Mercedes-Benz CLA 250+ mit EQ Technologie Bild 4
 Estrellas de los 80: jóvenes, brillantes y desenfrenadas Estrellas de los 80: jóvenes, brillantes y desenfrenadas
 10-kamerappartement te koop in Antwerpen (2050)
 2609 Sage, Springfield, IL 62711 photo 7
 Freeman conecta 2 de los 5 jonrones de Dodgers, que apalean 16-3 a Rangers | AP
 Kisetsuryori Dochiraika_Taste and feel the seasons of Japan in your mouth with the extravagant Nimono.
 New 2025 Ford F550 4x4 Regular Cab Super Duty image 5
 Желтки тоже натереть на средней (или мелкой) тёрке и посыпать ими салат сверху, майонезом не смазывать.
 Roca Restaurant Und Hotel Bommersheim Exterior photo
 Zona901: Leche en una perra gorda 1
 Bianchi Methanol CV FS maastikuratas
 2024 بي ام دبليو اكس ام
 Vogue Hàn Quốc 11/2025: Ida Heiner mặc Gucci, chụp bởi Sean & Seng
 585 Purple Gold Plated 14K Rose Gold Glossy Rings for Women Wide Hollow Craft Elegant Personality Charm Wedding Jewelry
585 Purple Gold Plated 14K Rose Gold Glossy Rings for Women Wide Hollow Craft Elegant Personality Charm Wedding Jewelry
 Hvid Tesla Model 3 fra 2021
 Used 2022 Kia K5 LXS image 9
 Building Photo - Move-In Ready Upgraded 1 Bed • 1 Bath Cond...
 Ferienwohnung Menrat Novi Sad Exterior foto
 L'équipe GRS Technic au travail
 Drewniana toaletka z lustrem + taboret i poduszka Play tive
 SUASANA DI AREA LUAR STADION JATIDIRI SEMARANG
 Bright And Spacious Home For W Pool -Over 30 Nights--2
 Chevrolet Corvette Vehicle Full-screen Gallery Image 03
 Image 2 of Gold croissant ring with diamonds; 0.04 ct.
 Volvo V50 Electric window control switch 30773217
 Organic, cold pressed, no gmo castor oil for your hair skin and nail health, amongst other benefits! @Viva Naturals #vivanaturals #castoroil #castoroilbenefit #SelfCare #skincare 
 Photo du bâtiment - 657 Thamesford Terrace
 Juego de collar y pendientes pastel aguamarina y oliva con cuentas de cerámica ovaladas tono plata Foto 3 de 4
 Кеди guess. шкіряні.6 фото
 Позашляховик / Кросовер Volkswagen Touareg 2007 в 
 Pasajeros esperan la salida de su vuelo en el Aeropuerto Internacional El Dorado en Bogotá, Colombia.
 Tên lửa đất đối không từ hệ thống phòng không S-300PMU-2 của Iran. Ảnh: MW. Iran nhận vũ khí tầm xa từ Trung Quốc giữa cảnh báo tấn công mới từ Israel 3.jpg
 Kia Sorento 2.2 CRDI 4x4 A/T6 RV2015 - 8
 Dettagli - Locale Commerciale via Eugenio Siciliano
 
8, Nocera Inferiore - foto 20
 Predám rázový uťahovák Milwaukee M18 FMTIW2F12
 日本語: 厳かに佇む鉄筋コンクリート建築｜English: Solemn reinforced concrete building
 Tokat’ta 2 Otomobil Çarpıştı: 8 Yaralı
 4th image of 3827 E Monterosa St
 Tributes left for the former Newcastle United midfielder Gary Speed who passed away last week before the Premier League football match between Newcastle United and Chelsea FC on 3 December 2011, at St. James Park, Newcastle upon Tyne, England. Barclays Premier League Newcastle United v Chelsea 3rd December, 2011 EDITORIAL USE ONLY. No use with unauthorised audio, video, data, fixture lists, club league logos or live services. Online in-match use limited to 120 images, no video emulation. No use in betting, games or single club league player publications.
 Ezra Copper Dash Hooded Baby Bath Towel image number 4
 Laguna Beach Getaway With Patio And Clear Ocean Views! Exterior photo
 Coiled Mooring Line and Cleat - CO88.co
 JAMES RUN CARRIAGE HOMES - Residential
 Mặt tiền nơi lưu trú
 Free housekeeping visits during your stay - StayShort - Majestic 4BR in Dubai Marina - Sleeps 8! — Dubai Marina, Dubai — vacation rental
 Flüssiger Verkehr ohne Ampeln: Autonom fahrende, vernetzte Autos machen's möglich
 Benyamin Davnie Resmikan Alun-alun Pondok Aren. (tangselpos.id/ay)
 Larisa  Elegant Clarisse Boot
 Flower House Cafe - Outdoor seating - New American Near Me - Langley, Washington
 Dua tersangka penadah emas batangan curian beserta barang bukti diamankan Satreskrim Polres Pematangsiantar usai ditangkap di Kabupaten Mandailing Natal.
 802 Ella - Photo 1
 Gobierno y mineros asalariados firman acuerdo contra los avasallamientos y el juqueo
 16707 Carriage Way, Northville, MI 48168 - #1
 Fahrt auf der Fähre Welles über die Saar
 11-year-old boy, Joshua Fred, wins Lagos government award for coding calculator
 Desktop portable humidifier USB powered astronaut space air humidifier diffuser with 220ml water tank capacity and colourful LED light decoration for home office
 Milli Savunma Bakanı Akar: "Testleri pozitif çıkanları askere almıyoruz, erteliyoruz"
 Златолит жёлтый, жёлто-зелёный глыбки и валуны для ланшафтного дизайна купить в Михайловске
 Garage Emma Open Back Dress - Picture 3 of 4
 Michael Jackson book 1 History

■ ■ ■ ■

Extract every line above containing the word "Gold".

*WRITTEN RESPONSE*
 585 Purple Gold Plated 14K Rose Gold Glossy Rings for Women Wide Hollow Craft Elegant Personality Charm Wedding Jewelry
585 Purple Gold Plated 14K Rose Gold Glossy Rings for Women Wide Hollow Craft Elegant Personality Charm Wedding Jewelry
 Image 2 of Gold croissant ring with diamonds; 0.04 ct.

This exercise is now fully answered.